Obama is (officially) back in the public eye, doing more events, accepting more awards, dipping his toe into anti-Trump waters. It is difficult not to miss the sane, sober, eloquent former law professor in an age of insane and incoherent rants, and “alternative facts”. Nevertheless, the horrors of the Donald Trump era should not blind us to the myriad ways in which his Democratic predecessor helped lay the groundwork for it. The truth is that 44 was an enabler for 45.

Take deportations. “The detention and deportation of non-criminal immigrants – including kids – might be one of the most underrported [sic] stories of the Trump era,” tweeted Jon Favreau, who was a speechwriter for Obama, in late April.

Yet his former boss deported more than 2.5 million undocumented immigrants. In fact, Obama removed more people from the US in his two terms in office than all of the presidents of the 20th century combined. An analysis by the New York Times in 2014 found “two-thirds of… [deportation] cases involve people who had committed minor infractions, including traffic violations, or had no criminal record at all.”

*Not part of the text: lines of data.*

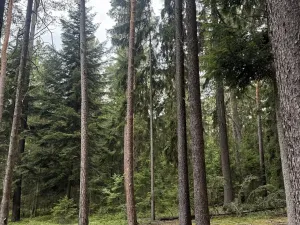 Prodej podílu lesa, Holovousy, 9837 m2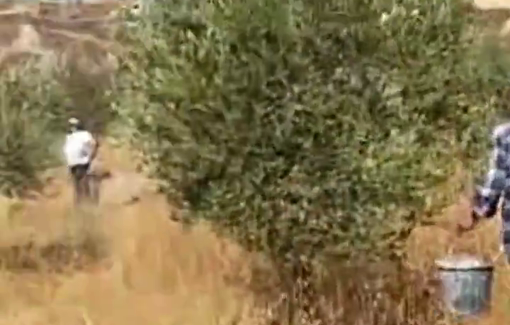 Thumbnail preview image for the video titled: Olive harvest 2024 under settler violence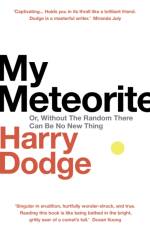 My Meteorite af Harry Dodge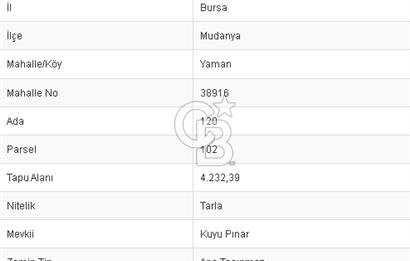 CB BLACK'TAN MUDANYA YAMAN KÖYDE FIRSAT TARLA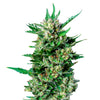 Detailní fotografie rostliny cannabis sativa s jasně zelenými listy, poupaty pokrytými trichomy a sytě oranžovými pestíky na ostrém bílém pozadí.

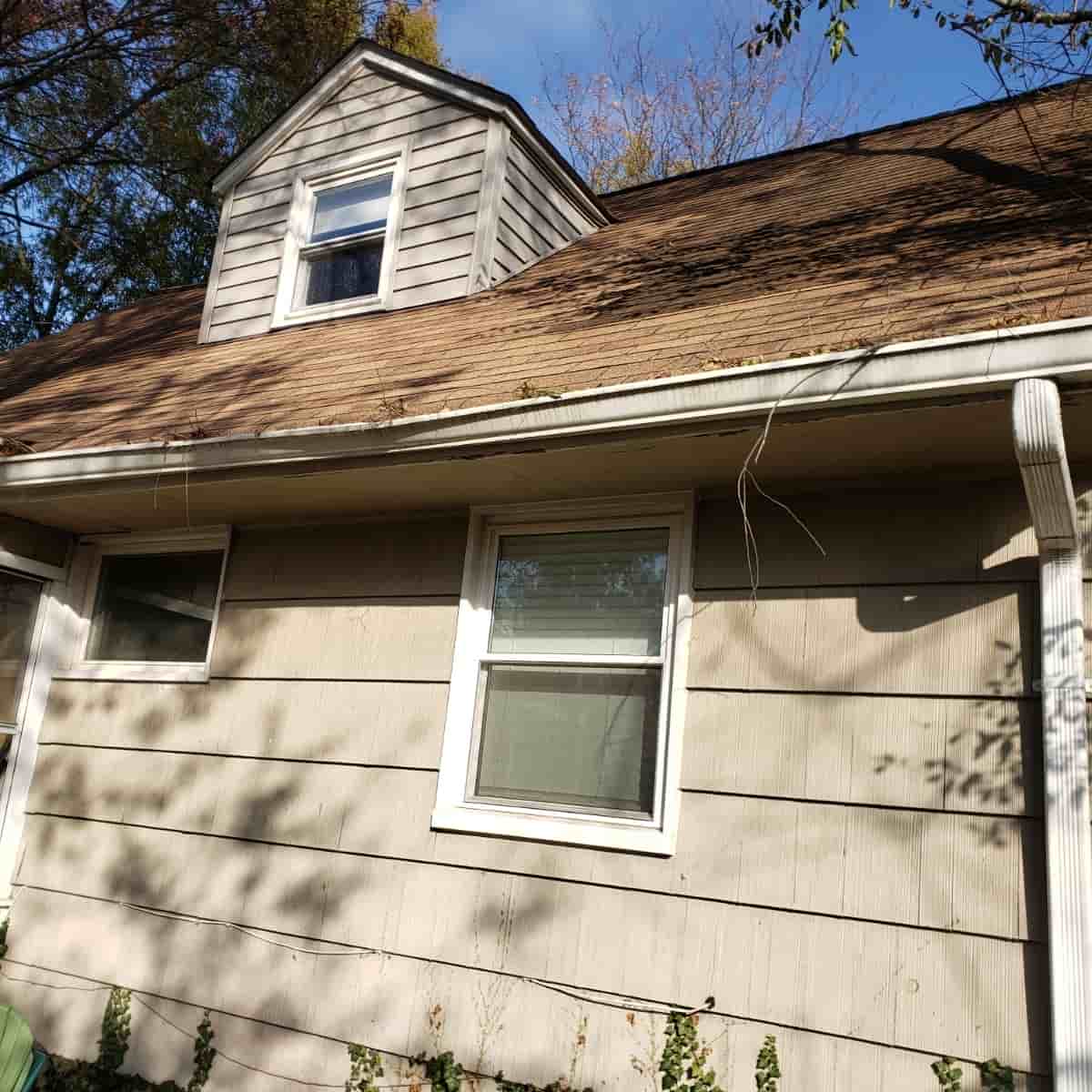 leaf blower gutter cleaner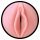 FLESHLIGHT Pink Lady Destroya Vagina Masturbator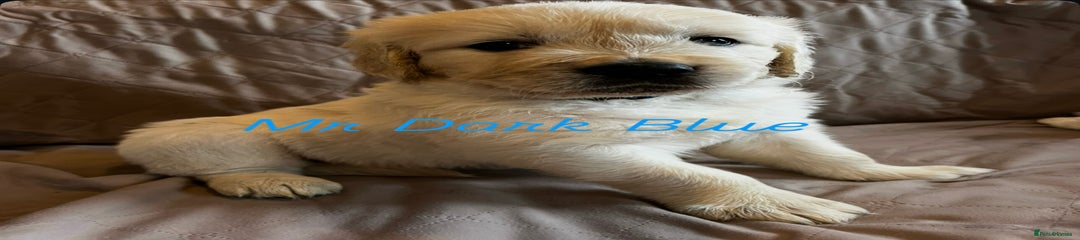 Golden Retriever Puppy 3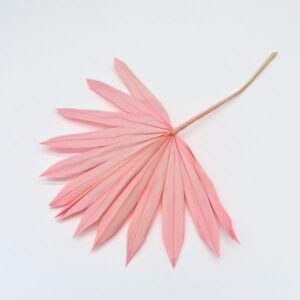Preserved Sun Palm Leaf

And Trump has never shied away from cynically invoking Obama’s record to defend himself. “Nobody talks about it,” Trump said during the presidential campaign. “But under Obama, millions of people have been moved out of this country.”

Take the “Muslim ban”. “[Obama] fundamentally disagrees with the notion of discriminating against individuals because of their faith or religion,” a spokesman for Obama wrote on 30 January, responding to President Trump’s executive order banning entry into the US for nationals from seven Muslim-majority countries – Iran, Iraq, Sudan, Syria, Somalia, Libya and Yemen. Yet the then White House spokesman, Sean Spicer, claimed a day earlier that it was Obama, and not Trump, who originally listed those seven as “countries of particular concern”.

Spicer was for once telling the truth. It was President Obama who, in the wake of the San Bernardino terror attack, signed a bill into law in December 2015 restricting travel to the US for people who lived in or visited those seven countries, even though neither of the two attackers had ties to any of them.

Take Trump’s bombing of Syria. Plenty of liberals applauded Trump’s air strikes against the Assad government on 6 April but many of them also slammed the president for doing so unilaterally. “His failure to seek Congressional approval is unlawful,” declared Senator Tim Kaine, Hillary Clinton’s running mate. Yet Kaine, in July 2011, when Obama’s Libya war was in full swing, was “noncommittal” on whether the president was legally obliged to seek Congressional approval, and defended Obama’s “good rationale” for air strikes.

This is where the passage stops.